» Exercise details
Make an exact copy of the data below, leaving out every picture.

» Recorded data
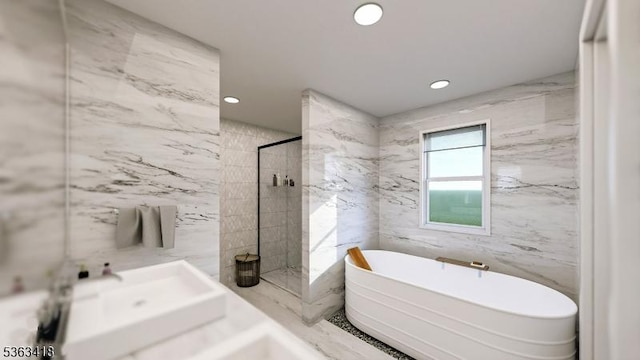 491 Central Ave Unit 4, New Providence Boro, NJ 07974 - full bath with tile walls, a freestanding tub, a stall shower, and recessed lighting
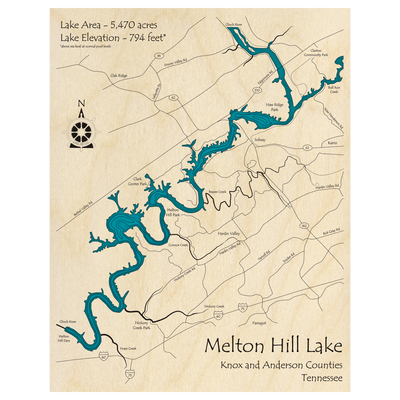 Bathymetric topo map of Melton Hill Lake, TN with roads, towns and depths noted in blue water.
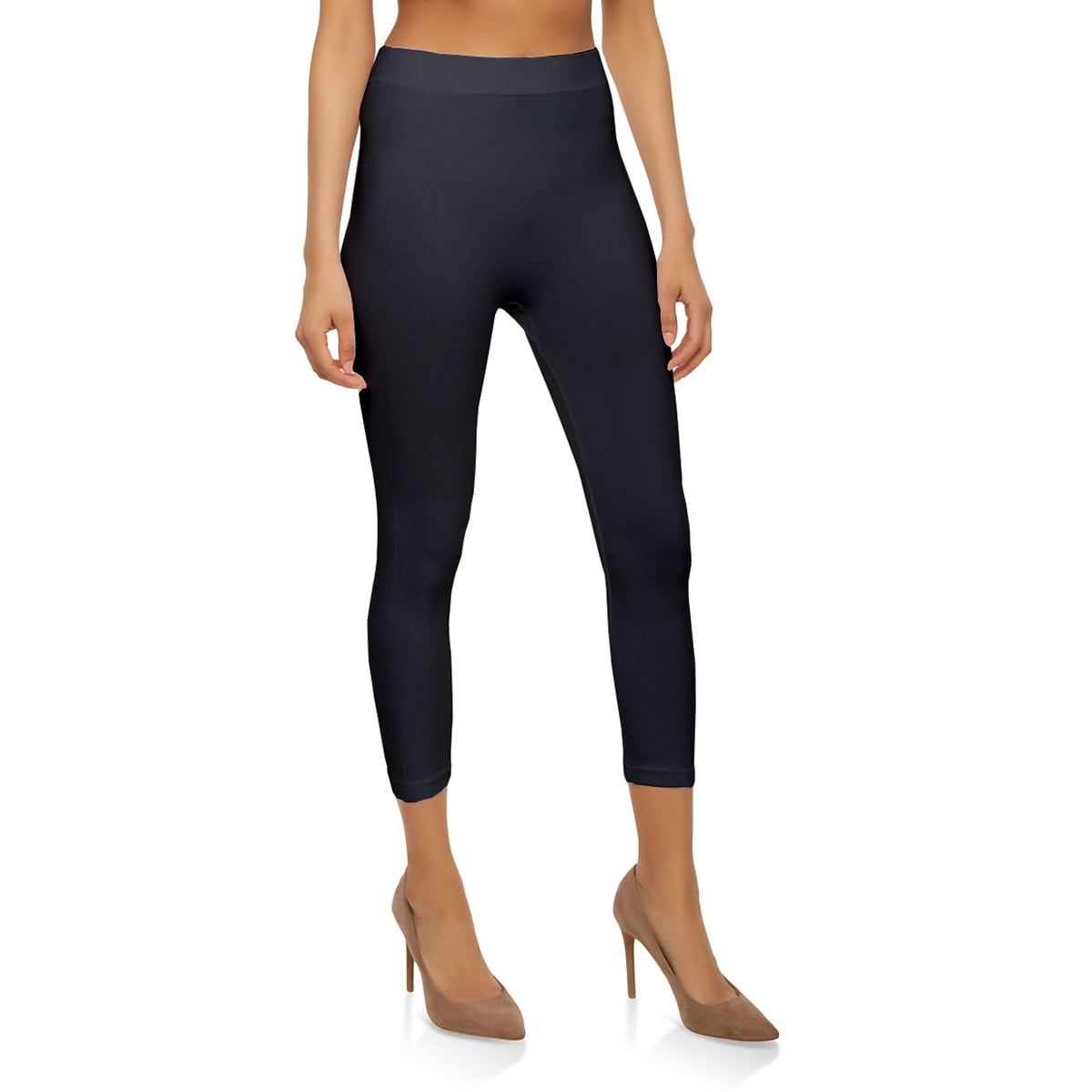 Capri Leggings Soft and Smooth with Extra Stretchy Fabric 3/4 Ribbed Cropped  High Waist (Black) 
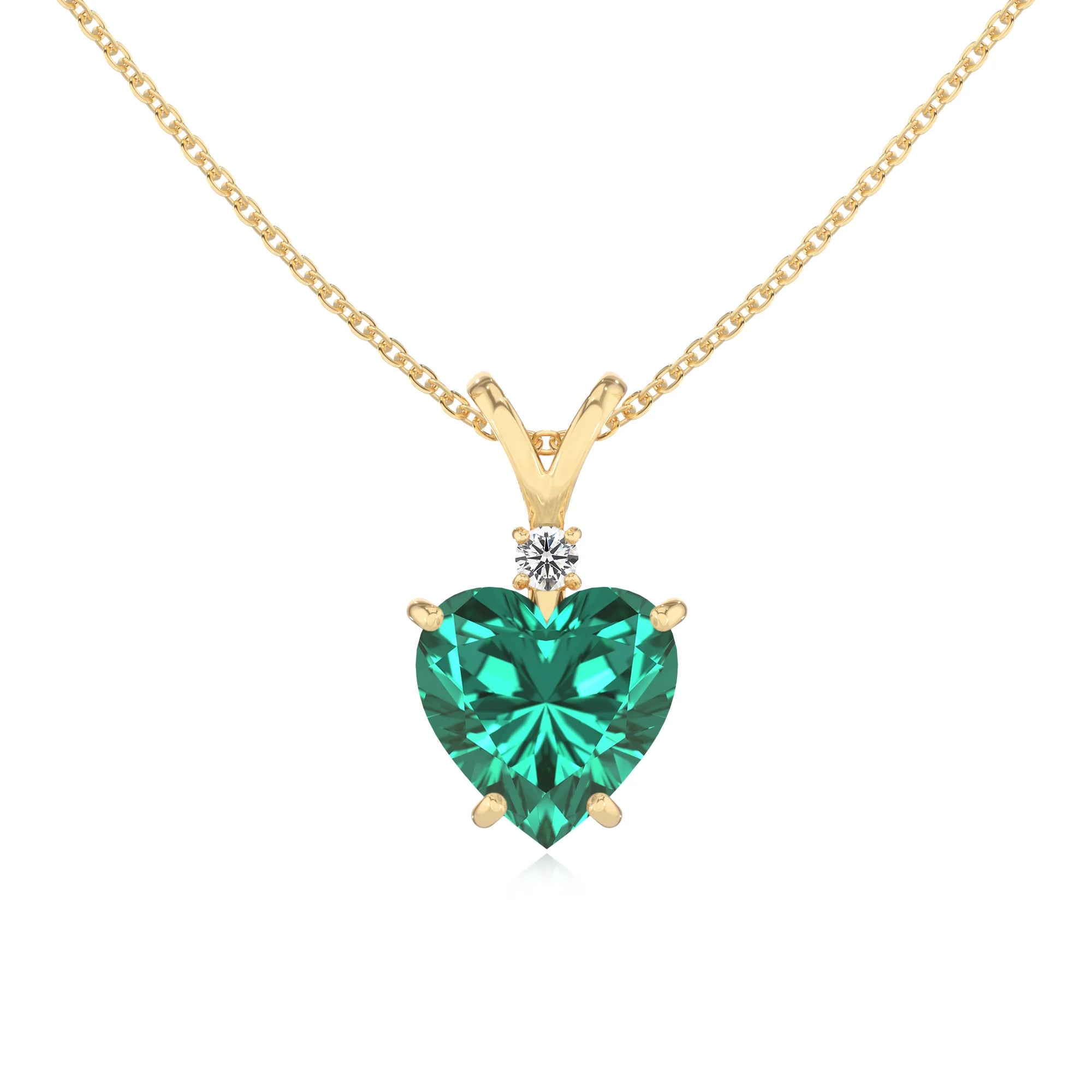 lab grown emerald heart solitaire v-bale necklaces in yellow gold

» Output
 491 Central Ave Unit 4, New Providence Boro, NJ 07974 - full bath with tile walls, a freestanding tub, a stall shower, and recessed lighting
 Bathymetric topo map of Melton Hill Lake, TN with roads, towns and depths noted in blue water.
 Capri Leggings Soft and Smooth with Extra Stretchy Fabric 3/4 Ribbed Cropped  High Waist (Black) 
 lab grown emerald heart solitaire v-bale necklaces in yellow gold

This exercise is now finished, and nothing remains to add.